Stratified negation means that the order in which rules are evaluated are arranged in such a way that negated goals cause sensible facts to be derived.

Consider, for example, the rule p(X) :- q(X), not r(X). with the fact q(a) present in the EDB, but not r(a), and suppose that there are other rules in the database that imply p(X) and r(X).

If the engine were to evaluate these rules naively then it will derive the fact p(a) in the initial iteration. It is then possible that the fact r(a) may be derived in a subsequent iteration, which results in the facts p(a) and r(a) contradicting each other.

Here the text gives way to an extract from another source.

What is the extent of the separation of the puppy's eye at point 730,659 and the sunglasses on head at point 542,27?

The stratified negation evaluates the rules in an order such that all the r(X) facts are derived before any of the p(X) facts can be derived which eliminates such contradictions.

Stratified negation puts additional constraints on the usage of negated expressions in Jatalog, which the engine checks for.

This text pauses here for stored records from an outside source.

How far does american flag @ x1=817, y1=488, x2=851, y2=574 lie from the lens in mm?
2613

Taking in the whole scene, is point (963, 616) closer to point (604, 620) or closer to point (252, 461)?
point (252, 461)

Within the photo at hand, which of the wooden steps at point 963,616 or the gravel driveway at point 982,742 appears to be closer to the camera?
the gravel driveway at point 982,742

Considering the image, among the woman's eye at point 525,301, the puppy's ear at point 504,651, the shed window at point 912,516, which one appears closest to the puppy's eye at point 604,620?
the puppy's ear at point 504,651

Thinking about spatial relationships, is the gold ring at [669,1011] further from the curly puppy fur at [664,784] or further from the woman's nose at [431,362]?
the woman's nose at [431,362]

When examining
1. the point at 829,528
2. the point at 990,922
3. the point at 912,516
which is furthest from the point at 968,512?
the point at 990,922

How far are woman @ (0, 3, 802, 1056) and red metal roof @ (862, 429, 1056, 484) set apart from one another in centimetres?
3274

The above are well known optimization and evaluation techniques described in the literature. See [ceri] for a good overview. Jatalog also implements some other minor optimizations where it makes sense:

• The class StackMap provides a Map implementation that has a handle to a parent Map. A large part of Jatalog's internal implementation revolves around looking up variable bindings in recursive calls in the Engine.matchGoals() method. Having the StackMap eliminates the need to copy existing variable bindings into a new Map with each recursive call to matchGoals().
• The class IndexedSet is a Set implementation where the elements stored in it can be indexed according to some key for quick lookup. The Jatalog implementation uses it to group the facts by predicate, and find those facts quickly. It prevents iterating through the entire EDB when it already knows the predicate it is looking for.
• Jatalog also filters out irrelevant facts before it starts the bottom-up expansion of the database. For example, if the query is about the ancestor predicate, then the bottom-up expansion does not need to expand rules relating to employed. This is done through a mechanism similar to the semi-naive evaluation in the getRelevantPredicates() method of the Engine class.

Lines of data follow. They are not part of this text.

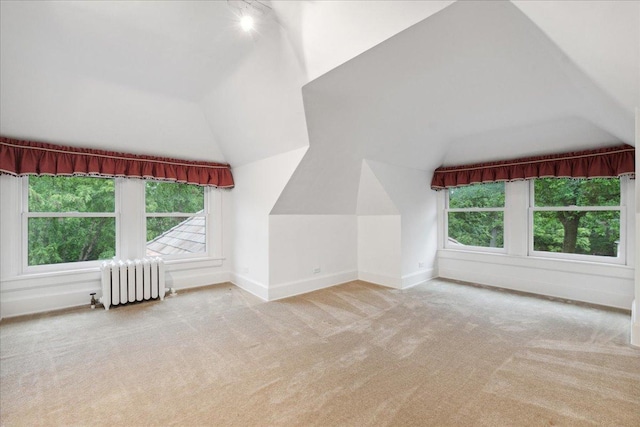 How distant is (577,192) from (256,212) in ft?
14.4

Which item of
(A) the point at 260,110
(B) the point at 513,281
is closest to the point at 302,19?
(A) the point at 260,110

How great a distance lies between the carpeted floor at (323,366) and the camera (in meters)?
1.75

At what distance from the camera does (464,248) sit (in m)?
4.96

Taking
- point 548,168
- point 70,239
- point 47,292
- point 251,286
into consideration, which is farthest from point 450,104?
point 47,292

There are opportunities to run some of the methods in parallel using the Java 8 Streams API (I'm thinking of the calls to expandStrata() in expandDatabase() and the calls to matchRule() in expandStrata() in particular). This is a bit more complicated than I thought it would be, and so I'm not too concerned about implementing it at the moment.

I've decided against implementing arithmetic built-in predicates, such as plus(X,Y,Z) => X + Y = Z, for now because they aren't that simple. They should be evaluated as soon as the input variables (X and Y in this case) becomes available, so that Z can be computed and bound for the remaining goals. It would require a more complex parser and for the Expr objects to represent an abstract syntax tree.

It is conceptually possible to make the List<String> terms of Expr a List<Object> instead, so that you can store complex Java objects in the database (as POJOs). It won't be that useful a feature if you just use the interpreter, but it could be a nice-to-have if you use the fluent API. I don't intend to implement it at the moment, though.